Jude Law’ın bu filmde canlandırdığı Dumbledore’u da Harry Potter filmlerinde gördüğümüz babacan, şakacı fakat bir o kadar da bilge Dumbledore karakterine yakın olduğunu söylemekte fayda var. Bu da film süreci boyunca karakter gelişimini takip edebileceğinizi ve bir noktada “doğru” bir ekran adaptasyonu izlediğinizi hissettiriyor.
Fantastik Canavarlar: Dumbledore’un Sırları şimdiye kadar izleyici ile buluşan Fantastic Beasts yapımları arasında senaryo, görsellik ve akış açısından en iyi yapım. Grindewald’ın motivasyonu, Dumbledore’un ahlaki çıkmazları, Jacob Kowalski’nin kendisini her şeyin ortasında bulduğu yaşantısı ve Newt Scamander’ın macera dolu yaşantısı güzel bir şekilde ekrana yansıtılmış. Genel bakışta sahip olduğu birkaç küçük senaryo boşluğu bulunsa bile kendisinden önce vizyona giren Fantastik Canavarlar filmlerine göre oldukça başarılı.
Fakat beşleme olarak düşünülen serinin diğer filmlerinin bu noktadan sonra nereye gideceği ise merak konusu. Grindewald ve Dumbledore arasındaki çekişmenin yükselerek devam edeceği kesin. Buna rağmen Newt Scamander’ın hikâyesi şu anda bulunduğu noktadan daha yukarıya ne kadar gidebilir, emin değilim. Daha fantastik yaratıklar bulması, büyücü ve Muggle dünyası arasındaki gerilimi yatıştırmak açısından ne öneme sahip olacak? Bütün bunlar gelecek filmler açısından soru işaretleri oluşturuyor.

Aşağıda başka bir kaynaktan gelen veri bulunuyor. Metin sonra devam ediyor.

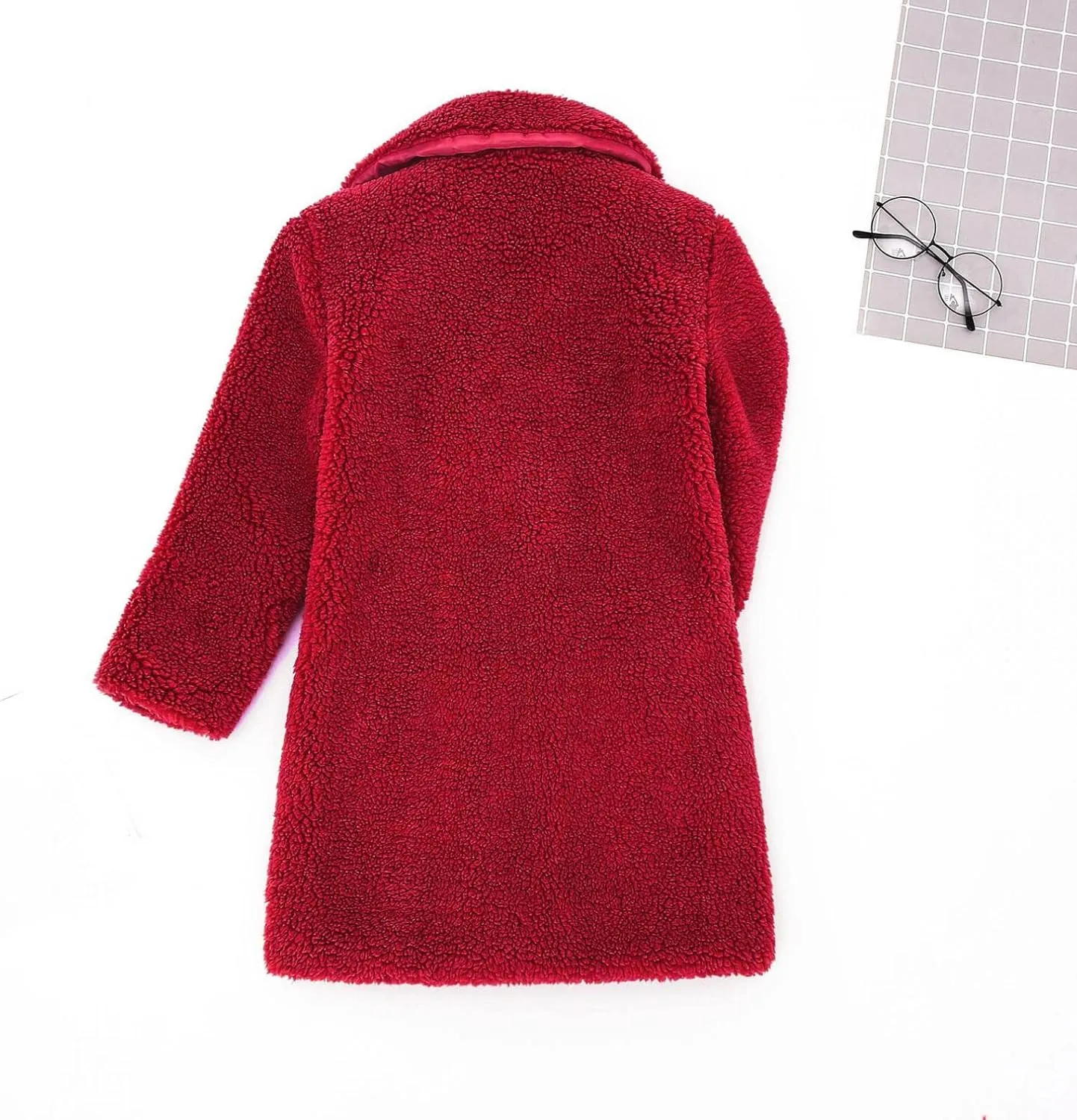 Toddler Baby Girls Duffle Overcoat Winter Fleece Sherpa Jacket Windproof Thick Cardigan Trench Lapel Parka Coat for Kids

Siz Fantastik Canavarlar: Dumbledore’un Sırları filmini nasıl buldunuz? Yorumlarınızı bizlerle paylaşmayı unutmayın!
Yorumlara bak
bence serinin en güzel filmi 1. filmdi. çünkü çok sağlam bi ters köşesi vardı; Graves'ın aslında Grindewald çıkması. burada Graves'i canlandıran oyuncunun Colin Farrell gibi aşırı ünlü bi oyuncu olmasının ve doğal olarak izleyicinin serinin hepsinde olacağına inanmasının payı büyük. ters köşe olayı Harry Potter serisinde de çok hakimdi hemen hemen her bölümde bi ters köşe gördük. buna karşılık Fantastik serisi son iki filmdir gayet dümdüz ilerleyen konular mevcut. ne olacağını tahmin etmek hiç zor değil. Dumbledore'un sırlarına gelince; öncelikle ortada bi sır yok. HP kitaplarını okumayıp sadece filmlerini izleyenler bile bu sıralara hakim. ben Potterhead olarak bilmediğimiz bir şeyler daha öğreniceğimizi ummuştum. kan laneti konusu aşırı saçma ilerledi. bu kadar sert ve güçlü bi büyü, Grindewald Credence'i öldürmeye çalışırken Dumbledore karşıt büyü yaptı diye kırılamıyor bu kadar basit yok olamıyor olması lazımdı. O zaman bunca yıl bu kadar çile neden sorusu çıkıyor karşımıza. Queenie'nin aydınlıktan karanlığa, karanlıktan aydınlığa geçişlerinin seri boyunca 5 dakıka sürmesi ve sonunda pat diye Jacop ile evlenip happily ever after olmaları da çok saçma. Queenie'nin bu geçişleri daha mantıklı ve dikkatli işlenebilirdi, seri de çok havada kaldığını düşünüyorum. Tinanın bi anda Amerika Sihir bakanı olması da cabası. daha ilk filmde bakanlıktan atılmak üzere filandı. öbürüne nooldu bilmiyoruz bile.. bu filmde Credence karanteri de saçmaladı. bi önceki filmin sonunda Dumbledore'lardan nefret eden kişi, bi anda eve dönmek isteyen kişi oldu. Grindewald'un gerçek yüzünü anlayıp taraf değiştirmesini güzel işlediklerini düşünmüyorum. Keza ölüme giden yoluda. filmin başında kaldırımları parçalayarak saldıran adam bi anda yürüyemez fln oldu. özetle herşeyin yarım yamalak işlediği bi film olmuş bence.